In a statement, Richard D. Norris and his cousin James M. Norris said that the rock movements occurred during a rare combination of conditions in winter. There had to be a shallow layer of water in the dry lake bed and nighttime temperatures cold enough for the formation of a thin layer of ice. On sunny days, melting caused the ice to break into large floating panels that, driven by light winds, pushed against the rocks to move them. Of course, this will leave tracks on the desert floor. The editor- and peer-reviewed journal PLOS ONE published their study.

The video above – from the Slithering Stones Research Initiative – shows a sailing or sliding or slithering stone of Death Valley’s Racetrack Playa in motion. See it? It’s the big rock in the foreground.

How they studied the sailing stones

The two cousins launched their investigation of sailing stones in 2011. That’s when they founded what they called the Slithering Stones Research Initiative. They established a weather station near Racetrack Playa and added 15 of their own stones to the playa. The added stones had GPS tracking units attached.

One of the GPS-instrumented rocks and its track across Racetrack Playa. They placed the GPS unit, with its battery pack, in a cavity bored into the top of the rock. Image via PLOS ONE.

Then, they watched. On December 4 and December 20, 2013, their setup – which used time-lapse photography – caught on camera rocks that were sliding across the playa at up to 15 feet (3-5 meters) per minute. They saw many other instances of sailing stones as well, becoming the first people in recorded history to see the stones in motion.

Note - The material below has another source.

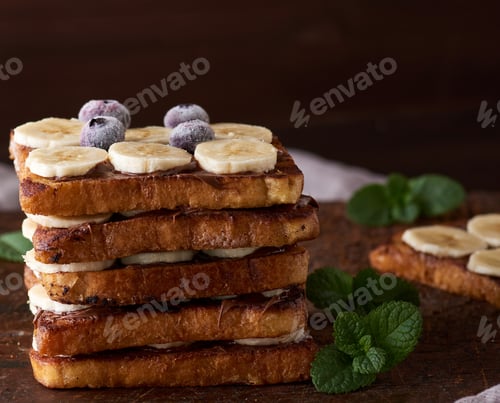 Preview: Pile of square fried bread slices with chocolate and banana slices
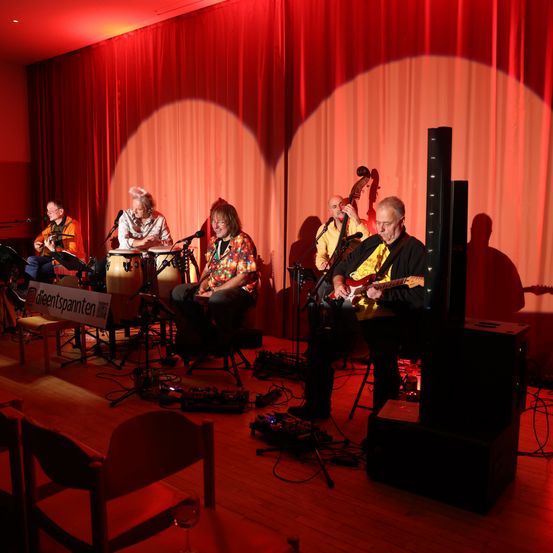 Eine Band tritt auf einer Bühne mit einem roten Vorhang im Hintergrund auf. Die Musiker umfassen einen Gitarristen, einen Bassisten, einen Perkussionisten und zwei Sänger.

In the statement, Richard Norris said,

Science sometimes has an element of luck. We expected to wait five or 10 years without anything moving, but only two years into the project, we just happened to be there at the right time to see it happen in person.

They described what they saw in their PLOS ONE paper:

The largest observed rock movement involved >60 rocks on December 20, 2013, and some instrumented rocks moved up to 224 meters between December 2013 and January 2014 in multiple move events.

What their study revealed

They said in their paper that watching the stones move enabled them to see the cause:

In contrast with previous hypotheses of powerful winds or thick ice floating rocks off the playa surface, the process of rock movement that we have observed occurs when the thin, 3- to 6-millimeter ‘windowpane’ ice sheet covering the playa pool begins to melt in late morning sun and breaks up under light winds of ~4–5 meters/second [about 5 yards/second].

Floating ice panels tens of meters [yards] in size push multiple rocks at low speeds of 2–5 meters/minute [2-5 yards/minute] along trajectories determined by the direction and velocity of the wind as well as that of the water flowing under the ice.

How often do they move?

Racetrack Playa stones only move once every two or three years and most tracks last for three or four years. Stones with rough bottoms leave straight striated tracks while those with smooth bottoms wander.

Sailing stone tracks. Image via PLOS ONE.

According to Wikipedia, these sailing stones are slabs of dolomite and syenite ranging from a few hundred grams to hundreds of kilograms.

It’s nice to know what causes them to move! If you have time (six minutes), check out the video below, which features the Norris cousins telling their story.

Bottom line: The mystery of the sailing stones of Racetrack Playa in Death Valley was solved in 2014. Scientists found that thin floating panels of ice driven by light winds pushed the rocks.